Problem to work on:
Please restate word for word all lines from the one containing "Zenith Automatic Control" to the final line of the entries, and include no pictures.

Dataset items:
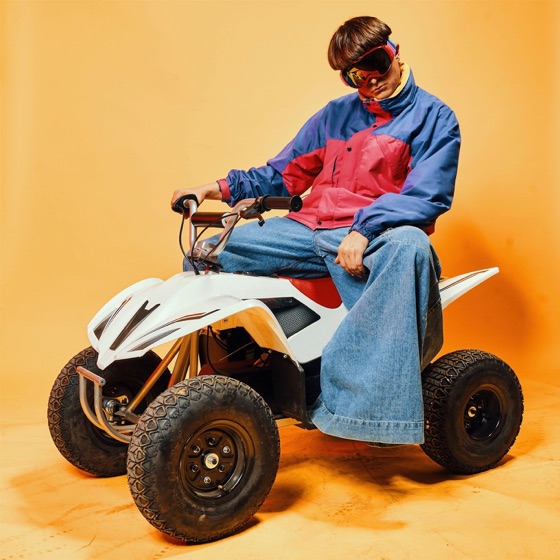 Cover artwork for Movement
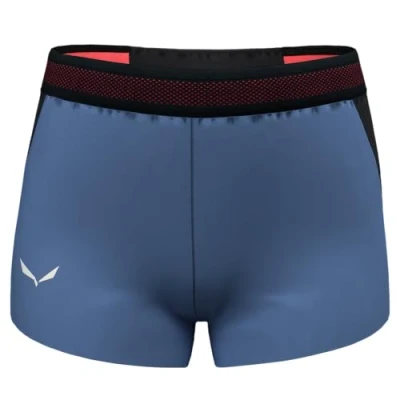 Imagen de Salewa Pedroc Pantalones montañeros cortos, Mujer, Talla: 44, Blue
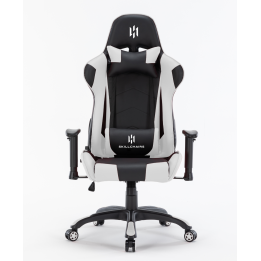 SKILLCHAIRS Demon (White) Chaise gamer SKILLCHAIRS Maroc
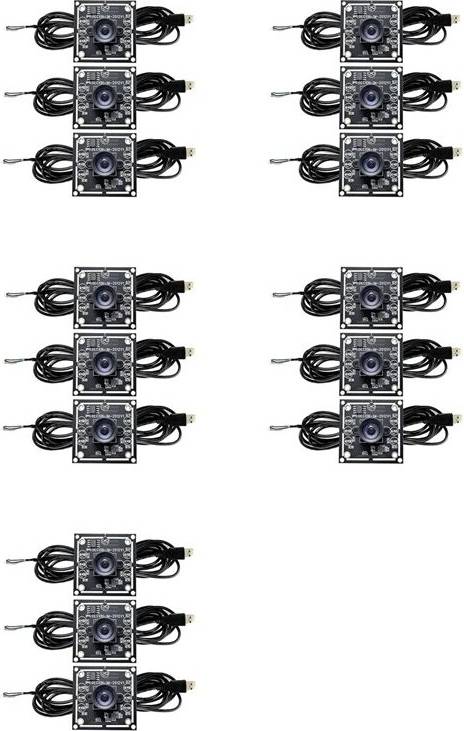 Typecat 100 Degree Camera Module 1MP USB Free Driver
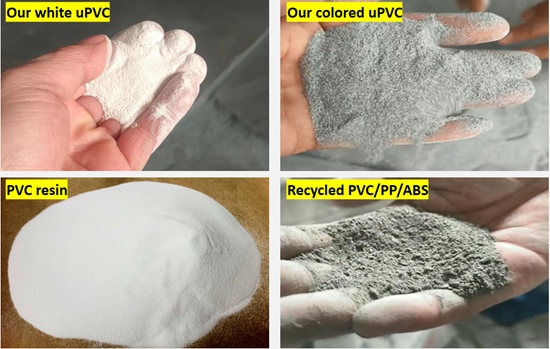 UPVC plastic formwork (4)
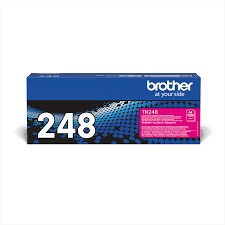 Brother TN248M Toner Magenta 1000P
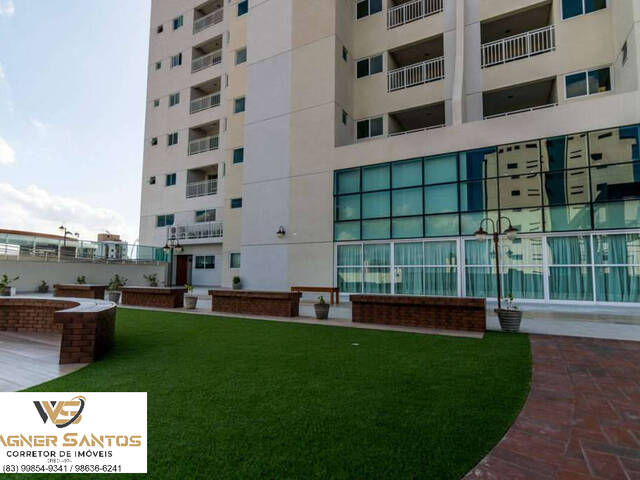 #3788 - Apartamento para Venda em Campina Grande - PB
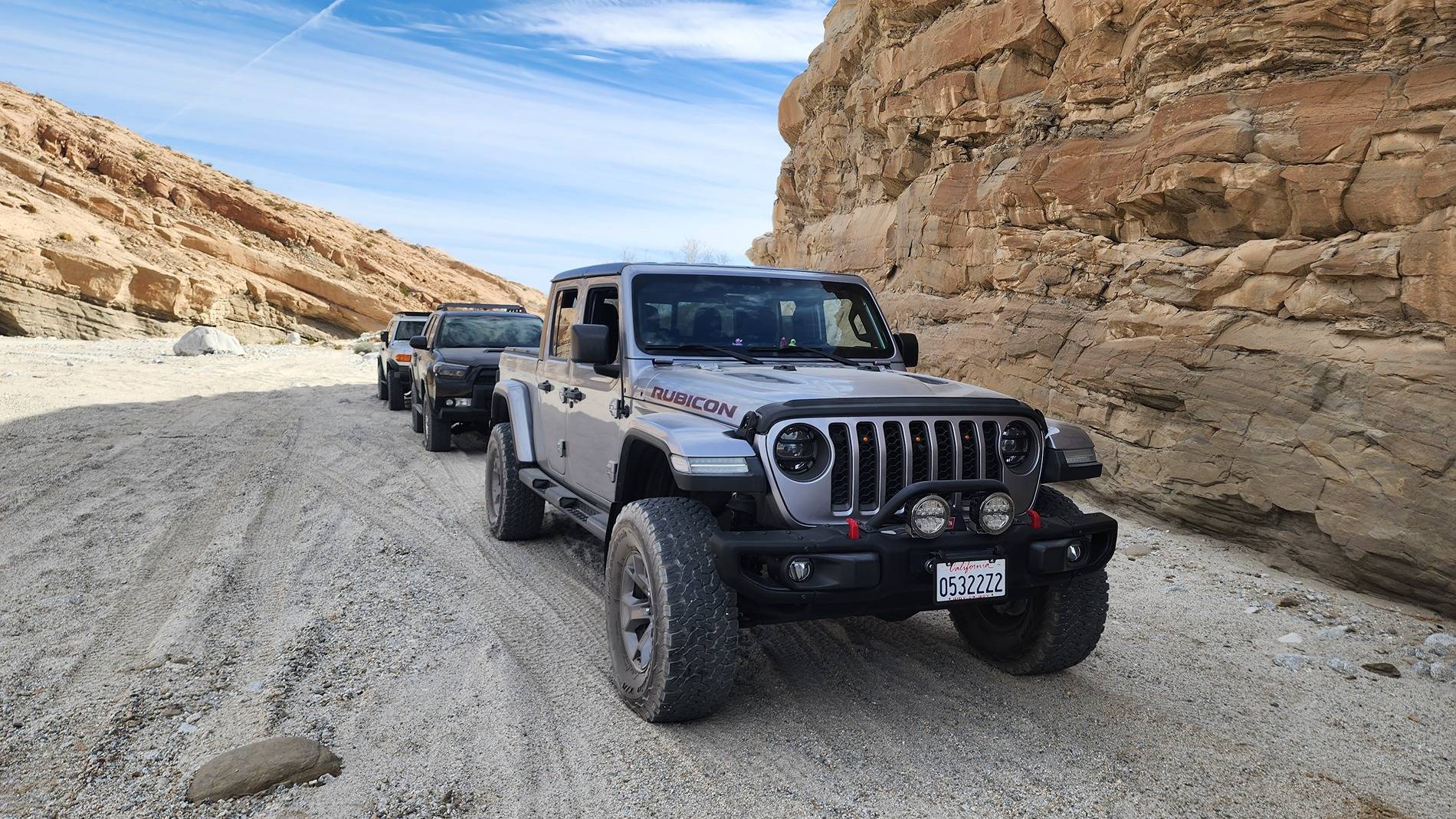 Jeep Gladiator Cartoonize your JT (PICS) 20250208_130415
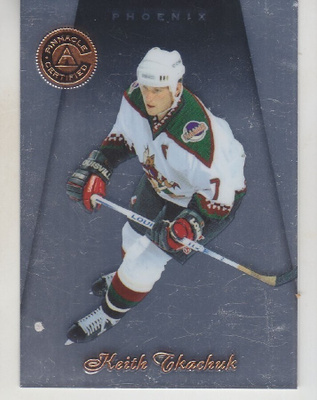 Pinnacle Certified  Keith Tkatchuk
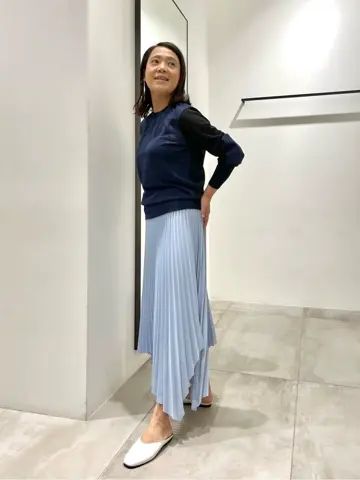 JOSEPH 米山美紀 コーディネート画像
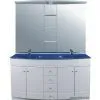 BATHROOM CABINET-NEPAL D140 thumbnail-1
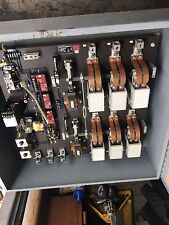 Zenith Automatic Control Equipment Emergency System with transfer switches picture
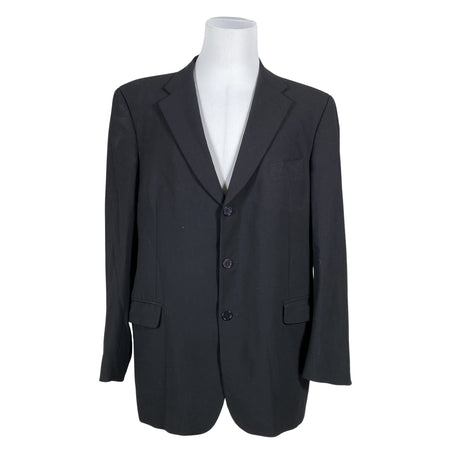 Unisex Turo Tailor - Suit, size XXL - Black (2)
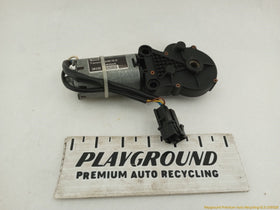 Saab 9-3 Driver Left Front Seat Backrest Recline Motor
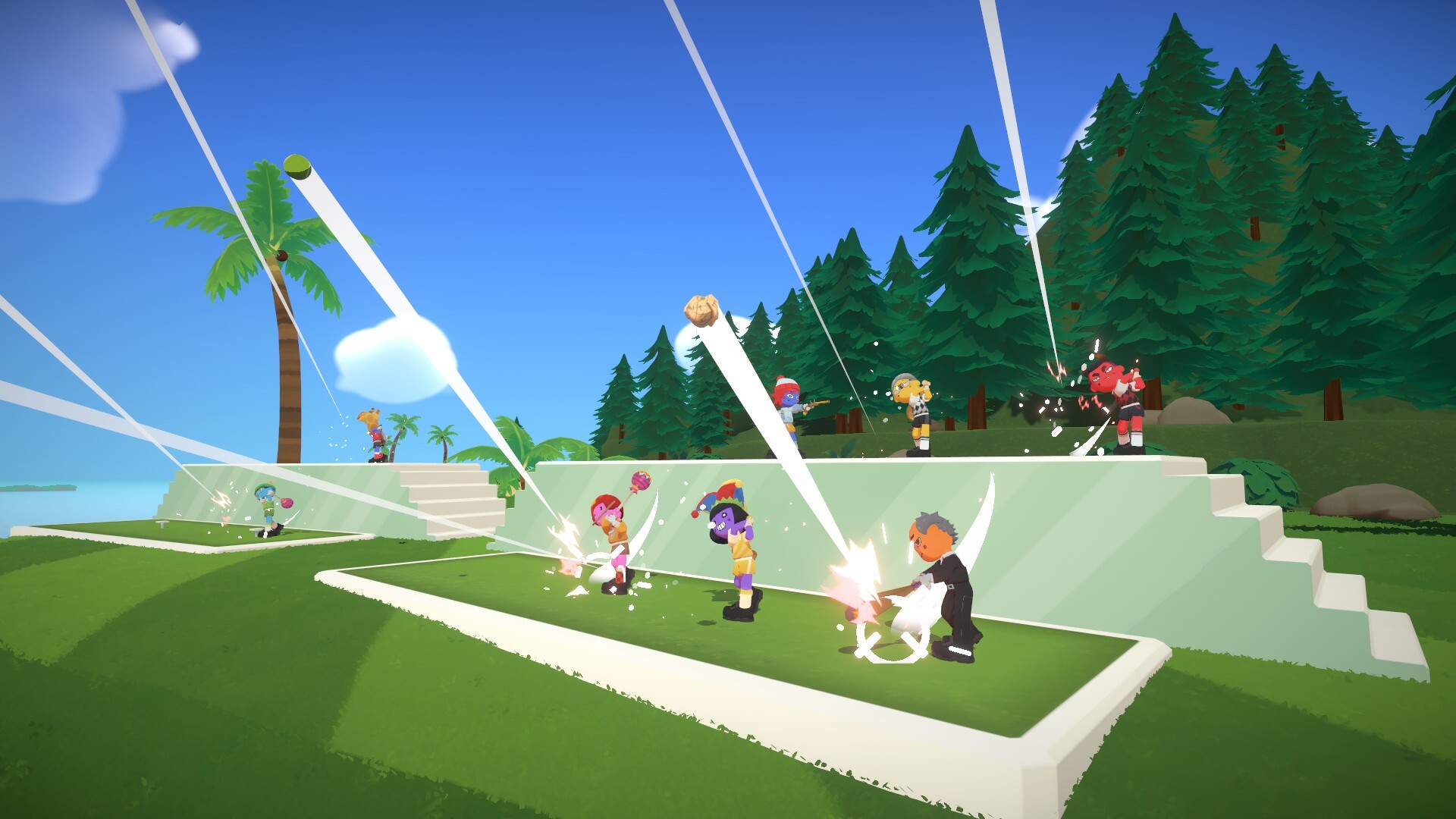 Super Battle Golf PC Steam Altergift thumbnail 6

Your solution:
 Zenith Automatic Control Equipment Emergency System with transfer switches picture
 Unisex Turo Tailor - Suit, size XXL - Black (2)
 Saab 9-3 Driver Left Front Seat Backrest Recline Motor
 Super Battle Golf PC Steam Altergift thumbnail 6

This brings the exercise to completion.